Crab Creek | |
---|---|
Location | |
Country | United States |
State | Washington |
County | Grant County, Adams County, Lincoln County |
City | Moses Lake |
Physical characteristics | |
Source | Near Gettys Butte |
• location | Lincoln County |
• coordinates | 47°42′42″N 117°54′24″W / 47.71167°N 117.90667°W[2][3] |
• elevation | 2,730 ft (830 m) |
Mouth | Columbia River |
• location | Grant County |
• coordinates | 46°48′55″N 119°55′19″W / 46.81528°N 119.92194°W[1] |
• elevation | 489 ft (149 m)[4] |
Length | 163 mi (262 km)[3][1] |
Basin size | 5,097 sq mi (13,200 km2)[5] |
Discharge | |
• average | 201 cu ft/s (5.7 m3/s)[6] |
• minimum | 10 cu ft/s (0.28 m3/s) |
• maximum | 936 cu ft/s (26.5 m3/s) |
Basin features | |
Tributaries | |
• left | Rocky Ford Creek |
• right | Coal Creek, Canniwai Creek, Wilson Creek, Red Rock Coulee |
Crab Creek is a stream in the U.S. state of Washington.
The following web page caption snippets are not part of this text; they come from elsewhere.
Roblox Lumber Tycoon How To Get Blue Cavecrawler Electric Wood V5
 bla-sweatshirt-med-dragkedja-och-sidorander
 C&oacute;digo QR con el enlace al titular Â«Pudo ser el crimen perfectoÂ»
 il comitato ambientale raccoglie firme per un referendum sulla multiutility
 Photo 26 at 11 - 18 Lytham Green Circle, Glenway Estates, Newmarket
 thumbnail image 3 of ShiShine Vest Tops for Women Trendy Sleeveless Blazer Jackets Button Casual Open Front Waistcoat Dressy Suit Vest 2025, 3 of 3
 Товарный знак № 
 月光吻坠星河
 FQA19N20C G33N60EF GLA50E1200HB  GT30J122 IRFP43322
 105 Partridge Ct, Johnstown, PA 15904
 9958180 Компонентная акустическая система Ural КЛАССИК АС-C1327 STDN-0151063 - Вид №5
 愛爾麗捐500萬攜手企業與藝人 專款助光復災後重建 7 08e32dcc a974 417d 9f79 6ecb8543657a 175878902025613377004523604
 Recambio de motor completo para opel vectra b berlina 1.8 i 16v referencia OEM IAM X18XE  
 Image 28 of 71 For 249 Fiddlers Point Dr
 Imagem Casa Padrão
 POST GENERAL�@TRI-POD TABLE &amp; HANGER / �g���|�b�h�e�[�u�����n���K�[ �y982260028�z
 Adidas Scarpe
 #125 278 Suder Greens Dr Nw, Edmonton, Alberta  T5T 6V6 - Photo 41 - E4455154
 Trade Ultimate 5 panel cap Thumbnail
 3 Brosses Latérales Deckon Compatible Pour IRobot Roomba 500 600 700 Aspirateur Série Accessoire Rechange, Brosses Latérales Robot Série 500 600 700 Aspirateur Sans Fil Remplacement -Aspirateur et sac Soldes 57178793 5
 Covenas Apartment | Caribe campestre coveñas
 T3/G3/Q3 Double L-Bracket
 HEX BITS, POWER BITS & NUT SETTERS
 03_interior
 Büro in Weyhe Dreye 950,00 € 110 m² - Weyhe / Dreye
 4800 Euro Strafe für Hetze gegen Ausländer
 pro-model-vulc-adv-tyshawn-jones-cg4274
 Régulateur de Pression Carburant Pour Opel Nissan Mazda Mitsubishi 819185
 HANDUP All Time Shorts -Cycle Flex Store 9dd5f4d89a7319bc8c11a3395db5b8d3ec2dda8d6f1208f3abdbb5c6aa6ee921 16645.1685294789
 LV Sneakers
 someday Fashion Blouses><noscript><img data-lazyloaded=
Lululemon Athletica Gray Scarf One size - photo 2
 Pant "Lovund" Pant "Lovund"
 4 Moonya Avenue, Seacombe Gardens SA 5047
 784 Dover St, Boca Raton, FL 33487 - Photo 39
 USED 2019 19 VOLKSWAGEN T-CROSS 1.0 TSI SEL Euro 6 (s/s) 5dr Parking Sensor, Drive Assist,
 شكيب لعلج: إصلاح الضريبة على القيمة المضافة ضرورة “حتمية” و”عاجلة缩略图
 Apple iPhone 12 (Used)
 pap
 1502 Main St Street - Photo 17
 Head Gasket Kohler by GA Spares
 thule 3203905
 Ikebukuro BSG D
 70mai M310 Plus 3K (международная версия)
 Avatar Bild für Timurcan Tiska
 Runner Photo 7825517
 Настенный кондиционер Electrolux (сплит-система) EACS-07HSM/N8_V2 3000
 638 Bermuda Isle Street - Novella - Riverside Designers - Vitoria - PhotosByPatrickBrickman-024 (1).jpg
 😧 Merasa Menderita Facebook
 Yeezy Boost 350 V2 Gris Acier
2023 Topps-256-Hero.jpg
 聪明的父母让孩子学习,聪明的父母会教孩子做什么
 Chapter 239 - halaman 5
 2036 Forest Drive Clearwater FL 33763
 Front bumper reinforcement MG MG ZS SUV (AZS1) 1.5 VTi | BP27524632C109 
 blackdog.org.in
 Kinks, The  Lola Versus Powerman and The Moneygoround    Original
Named for the presence of crayfish,[7] it is one of the few perennial streams in the Columbia Basin of central Washington, flowing from the northeastern Columbia River Plateau, roughly 5 km (3.1 mi) east of Reardan, west-southwest to empty into the Columbia River near the small town of Beverly. Its course exhibits many examples of the erosive powers of extremely large glacial Missoula Floods of the late Pleistocene, which scoured the region. In addition, Crab Creek and its region have been transformed by the large-scale irrigation of the Bureau of Reclamation's Columbia Basin Project (CBP), which has raised water table levels, significantly extending the length of Crab Creek and created new lakes and streams.[5]
Crab Creek is 163 miles (262 km) long[3][1] and drains a watershed in eastern Washington of 5,097 square miles (13,200 km2). It is sometimes referred to as the "longest ephemeral stream in North America".[5]